To discover wants, do keyword research on your product topic and explore the conversations around those keywords in forums, blogs and in various social media streams, as well as in the pages of the top listings for those keywords in the search engines.
Look for the emotional drivers that people are talking about around your potential product.
Also, simply ask large numbers of people what it is they want in a given product category. Post open ended questions on forums, blogs and in social media and accumulate and correlate the answers you receive.
You'll learn a great deal doing those two things and be better positioned to deliver a winner.

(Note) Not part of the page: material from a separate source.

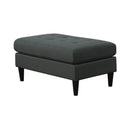 Kesson Mid-Century Modern Charcoal Grey Ottoman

I've had a hard time calbrating a single UI to use. I had endorse a ton of help and none of it endorsed for critique or design, they just started correcting me on shit they made up. It was ludicrous. How do you do it? Just let them be correcting over time. This was about 5 billion different tests, over loops. Cut for flavor not spice if its gonna flap for a judgement call on someghing you didnt experience. We all agreed no church design, fluid philosophy and ternary modes for the whole in case kids were watching while parents consume themselves a la reddit. Painstaking work to be on the disapproved side of it. How does one do it?
You need to target the right audience with platform limitations, your best bet is Google Ads, Search Ads for short-term growth where SEO is not available for business growth. I write about how to grow a business https://www.growth.services/
I fail to see how google ads will get you feedback on what users want. It’s a one way medium. And at its sky high prices it’s going to be an expensive experiment at that.